## EXERCISE PROMPT
Taking the entries below, transcribe only the lines starting with the one with "The Wildlife –" and going on through the one with "Photo 1 of 4K", exactly as written, without the pictures.

## RECORDS FOR THIS TASK

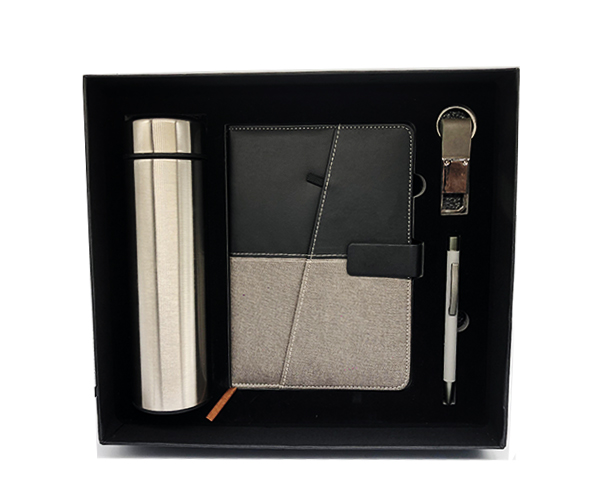 COFFRET BLOC NOTE + GOURDE THERMOS  + PORTE CLE +STYLO DE LUX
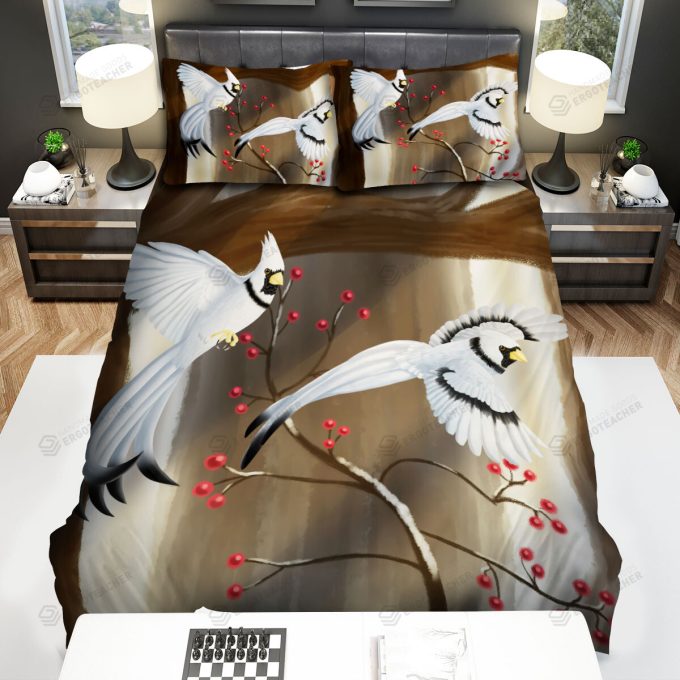 The Wildlife – The White Cardinal Flying Art Bed Sheets Spread Duvet Cover Bedding Sets
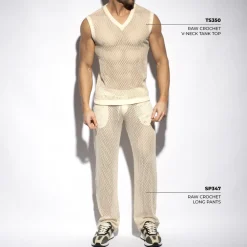 ES Collection Débardeurs-Débardeur Col V Crochet Beige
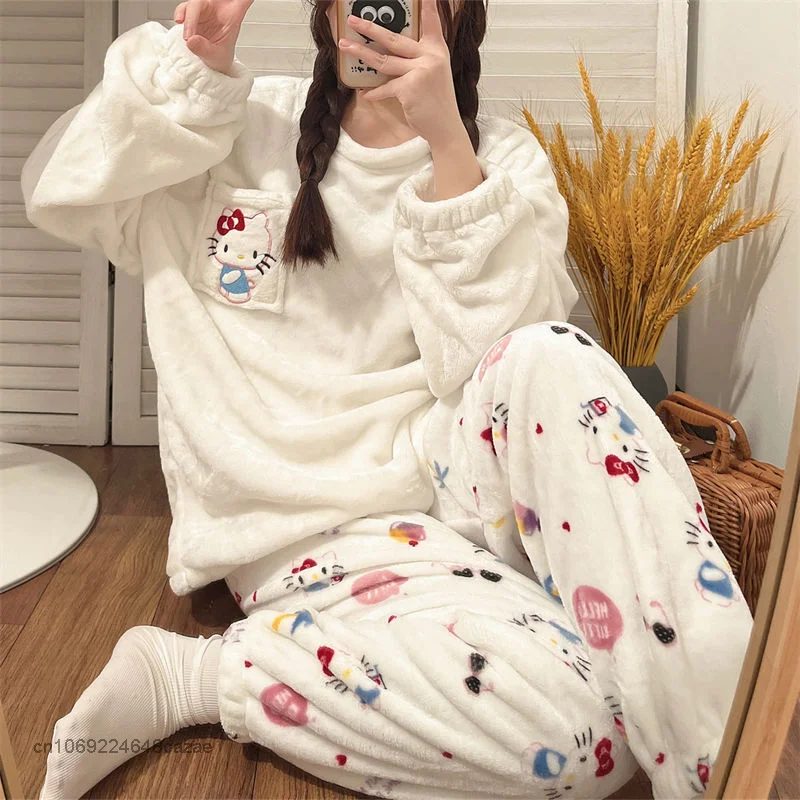 Sanrio Hello Kitty Winter Coral Velvet Pajamas Korean College Style Loose Plush Thickened Home Set Y2k Casual Clothes For Women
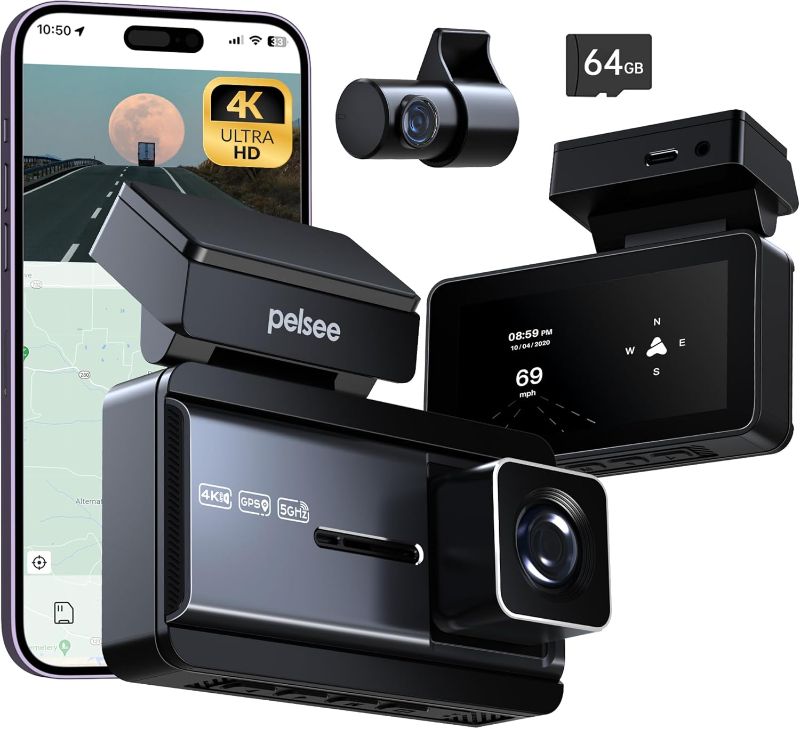 Photo 1 of 4K Dash Cam Front and Rear, 64GB SD Card, Pelsee 4K+1080P Dual Dash Camera for Cars with Wi-Fi, GPS, ADAS, BSD, 3’’ IPS Display Car Camera, APP & Voice Control, Night Vision, 24H Parking Mode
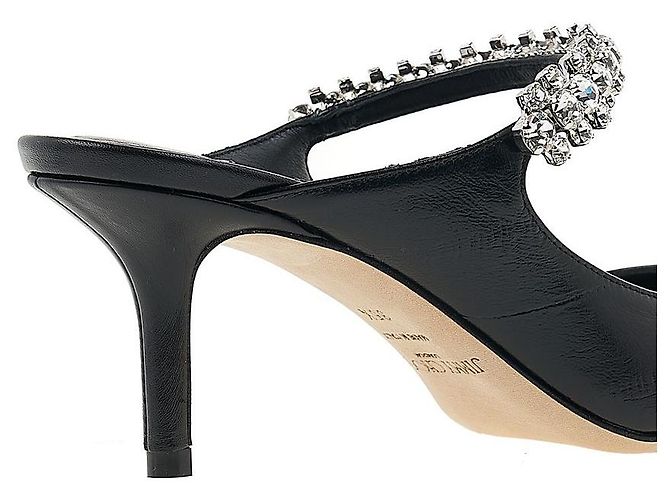 Jimmy Choo Mule con cinturino in cristallo da donna Nero - vista 10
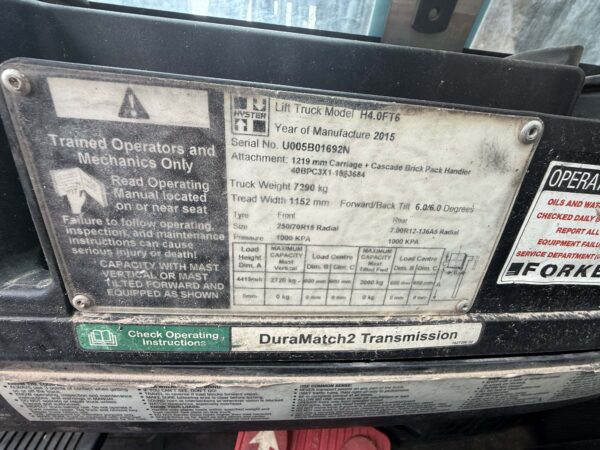 4 Tonne Hyster Forklift For Sale - Image 15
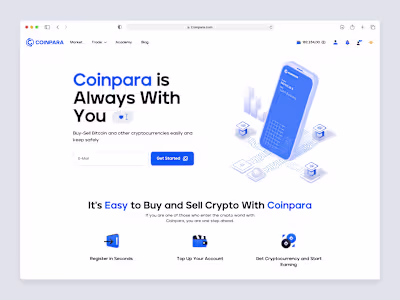 Coinpara - Landing page animation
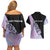 Bowling Strike Graphic Couples Matching Off Shoulder Short Dress and Hawaiian Shirt Custom Flaming Ball and Pastel Gradient Swirl Pattern Design - Wonder Print Shop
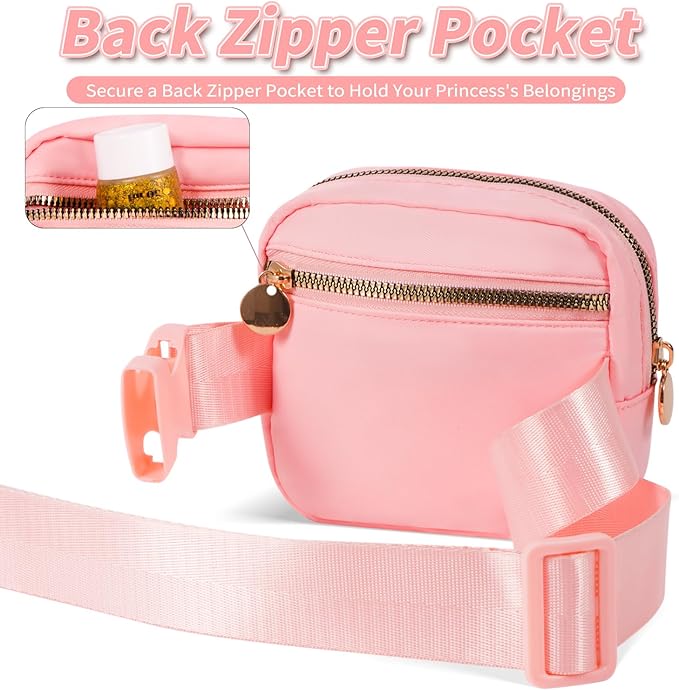 Mini Belt Bag Fanny Pack with Initials Letter Patch Small Crossbody Bags Cute Stuff Birthday Gifts for Teenager Girls Trendy Stuff for Teens - Initial D,Peach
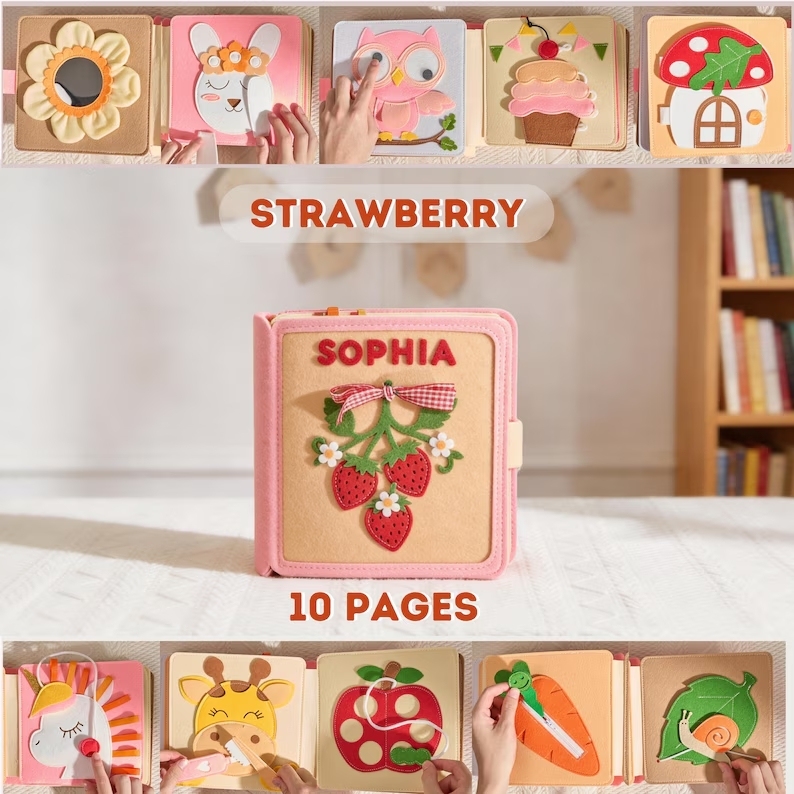 Personalized Baby Easter Gift, Handmade Felt Quiet Book, Custom Montessori Sensory Toy, First Birthday Present, Busy Book, Soft Felt Toy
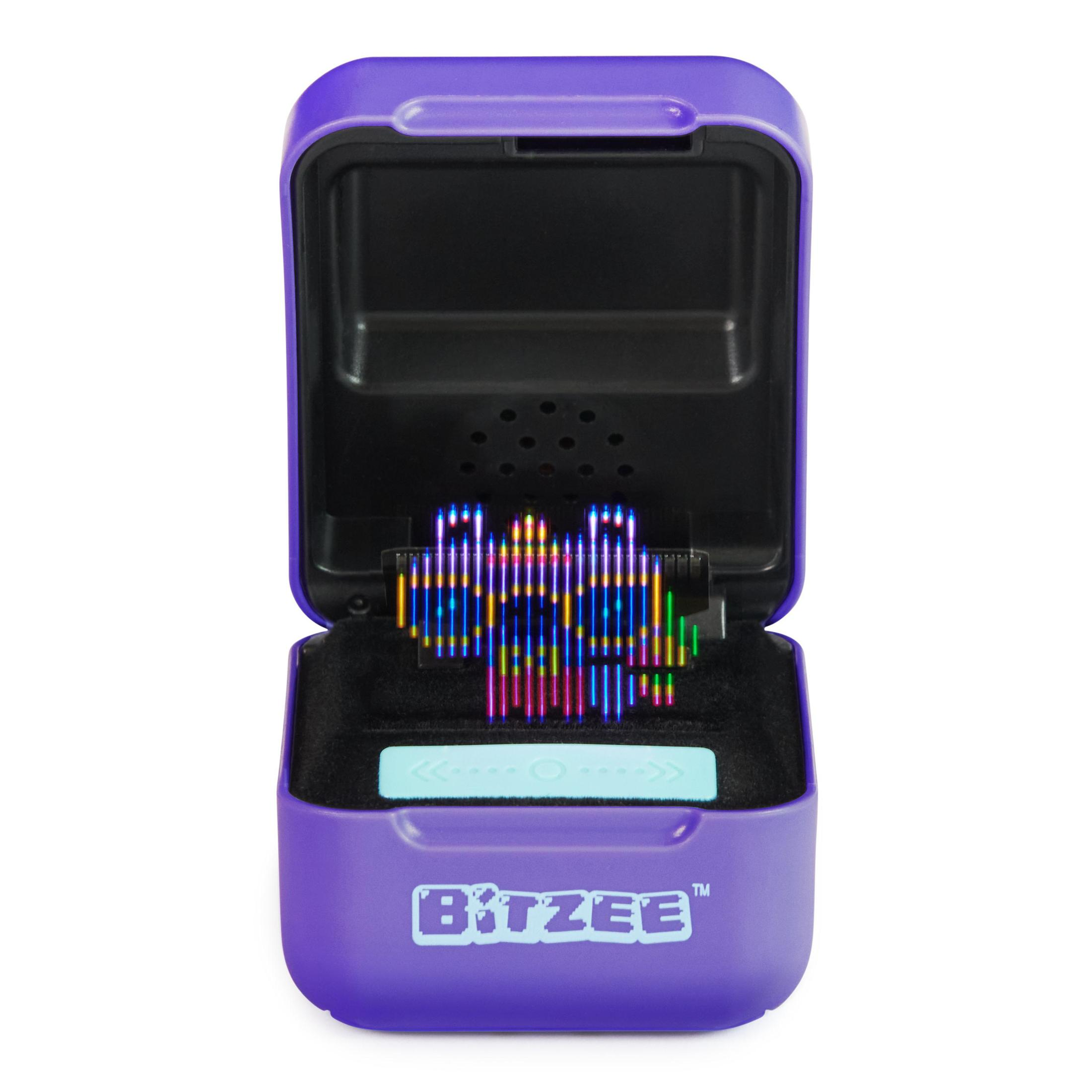 Lila Bitzee-Elektronikspielzeug mit einer pixeligen Anzeige eines farbenfrohen Charakters.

## EXERCISE SOLUTION
 The Wildlife – The White Cardinal Flying Art Bed Sheets Spread Duvet Cover Bedding Sets
 ES Collection Débardeurs-Débardeur Col V Crochet Beige
 Sanrio Hello Kitty Winter Coral Velvet Pajamas Korean College Style Loose Plush Thickened Home Set Y2k Casual Clothes For Women
 Photo 1 of 4K Dash Cam Front and Rear, 64GB SD Card, Pelsee 4K+1080P Dual Dash Camera for Cars with Wi-Fi, GPS, ADAS, BSD, 3’’ IPS Display Car Camera, APP & Voice Control, Night Vision, 24H Parking Mode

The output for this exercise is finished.